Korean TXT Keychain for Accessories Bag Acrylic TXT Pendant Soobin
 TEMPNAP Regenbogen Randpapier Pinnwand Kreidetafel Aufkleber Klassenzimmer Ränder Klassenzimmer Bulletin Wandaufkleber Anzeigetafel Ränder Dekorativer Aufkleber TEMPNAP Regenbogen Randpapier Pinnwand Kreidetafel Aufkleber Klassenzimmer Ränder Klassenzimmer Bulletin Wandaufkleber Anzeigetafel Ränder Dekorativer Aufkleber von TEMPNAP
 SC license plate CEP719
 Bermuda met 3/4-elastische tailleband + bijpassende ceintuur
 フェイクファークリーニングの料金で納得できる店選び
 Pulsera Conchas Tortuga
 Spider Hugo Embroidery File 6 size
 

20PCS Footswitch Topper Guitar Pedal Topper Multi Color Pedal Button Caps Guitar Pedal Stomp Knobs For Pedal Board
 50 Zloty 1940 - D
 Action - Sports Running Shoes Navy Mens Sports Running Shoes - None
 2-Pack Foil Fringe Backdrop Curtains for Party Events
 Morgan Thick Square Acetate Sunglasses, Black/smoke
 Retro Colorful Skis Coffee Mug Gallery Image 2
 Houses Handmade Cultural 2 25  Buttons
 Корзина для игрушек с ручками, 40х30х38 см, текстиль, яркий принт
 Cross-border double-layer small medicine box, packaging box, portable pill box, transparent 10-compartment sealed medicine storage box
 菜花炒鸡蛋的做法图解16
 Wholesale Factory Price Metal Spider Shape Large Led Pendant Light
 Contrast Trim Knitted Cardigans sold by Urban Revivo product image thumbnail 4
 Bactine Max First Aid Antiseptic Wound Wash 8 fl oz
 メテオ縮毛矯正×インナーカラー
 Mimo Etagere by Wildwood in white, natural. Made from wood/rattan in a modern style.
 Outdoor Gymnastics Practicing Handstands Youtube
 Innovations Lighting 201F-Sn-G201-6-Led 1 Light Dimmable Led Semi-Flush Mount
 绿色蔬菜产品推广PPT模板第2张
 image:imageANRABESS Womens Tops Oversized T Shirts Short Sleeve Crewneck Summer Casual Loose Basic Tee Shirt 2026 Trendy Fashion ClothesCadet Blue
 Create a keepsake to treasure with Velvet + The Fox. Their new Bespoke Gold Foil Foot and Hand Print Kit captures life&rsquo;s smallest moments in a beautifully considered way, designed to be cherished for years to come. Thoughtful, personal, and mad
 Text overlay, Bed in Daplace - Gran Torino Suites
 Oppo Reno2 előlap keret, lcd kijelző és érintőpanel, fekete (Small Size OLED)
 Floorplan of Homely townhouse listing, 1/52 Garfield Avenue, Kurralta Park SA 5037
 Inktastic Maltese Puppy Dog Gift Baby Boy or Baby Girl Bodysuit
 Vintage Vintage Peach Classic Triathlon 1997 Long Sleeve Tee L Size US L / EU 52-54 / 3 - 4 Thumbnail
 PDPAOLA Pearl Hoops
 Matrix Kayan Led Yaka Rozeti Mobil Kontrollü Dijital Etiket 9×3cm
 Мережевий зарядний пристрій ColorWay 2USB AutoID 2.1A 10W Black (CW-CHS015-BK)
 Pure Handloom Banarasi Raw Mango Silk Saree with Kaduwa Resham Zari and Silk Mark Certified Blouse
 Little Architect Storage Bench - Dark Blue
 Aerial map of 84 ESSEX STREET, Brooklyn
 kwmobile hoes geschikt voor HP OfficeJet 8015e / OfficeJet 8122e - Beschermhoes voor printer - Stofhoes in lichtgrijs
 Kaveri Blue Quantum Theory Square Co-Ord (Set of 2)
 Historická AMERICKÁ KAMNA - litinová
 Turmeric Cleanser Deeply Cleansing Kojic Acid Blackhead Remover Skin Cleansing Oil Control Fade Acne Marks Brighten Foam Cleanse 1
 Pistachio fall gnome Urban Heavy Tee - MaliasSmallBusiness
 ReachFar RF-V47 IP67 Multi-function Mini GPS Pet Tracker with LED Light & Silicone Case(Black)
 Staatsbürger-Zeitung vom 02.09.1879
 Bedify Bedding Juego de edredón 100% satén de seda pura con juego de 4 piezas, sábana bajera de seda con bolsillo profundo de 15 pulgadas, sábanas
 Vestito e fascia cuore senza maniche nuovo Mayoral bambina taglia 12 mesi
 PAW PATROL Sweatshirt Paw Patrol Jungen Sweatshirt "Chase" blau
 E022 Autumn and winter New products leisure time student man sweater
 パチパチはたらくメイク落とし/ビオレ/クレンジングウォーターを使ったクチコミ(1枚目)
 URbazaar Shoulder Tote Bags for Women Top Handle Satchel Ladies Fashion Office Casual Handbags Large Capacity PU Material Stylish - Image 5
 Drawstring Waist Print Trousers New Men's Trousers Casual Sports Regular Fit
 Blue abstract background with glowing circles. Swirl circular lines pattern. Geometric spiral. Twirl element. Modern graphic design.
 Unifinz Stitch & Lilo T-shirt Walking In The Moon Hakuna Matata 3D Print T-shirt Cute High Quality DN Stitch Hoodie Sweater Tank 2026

__Try it__
From the data above, return every line from the line that has "Bedify Bedding Juego" up to and including the line that has "パチパチはたらくメイク落とし", exactly.

__Task output__
 Bedify Bedding Juego de edredón 100% satén de seda pura con juego de 4 piezas, sábana bajera de seda con bolsillo profundo de 15 pulgadas, sábanas
 Vestito e fascia cuore senza maniche nuovo Mayoral bambina taglia 12 mesi
 PAW PATROL Sweatshirt Paw Patrol Jungen Sweatshirt "Chase" blau
 E022 Autumn and winter New products leisure time student man sweater
 パチパチはたらくメイク落とし/ビオレ/クレンジングウォーターを使ったクチコミ(1枚目)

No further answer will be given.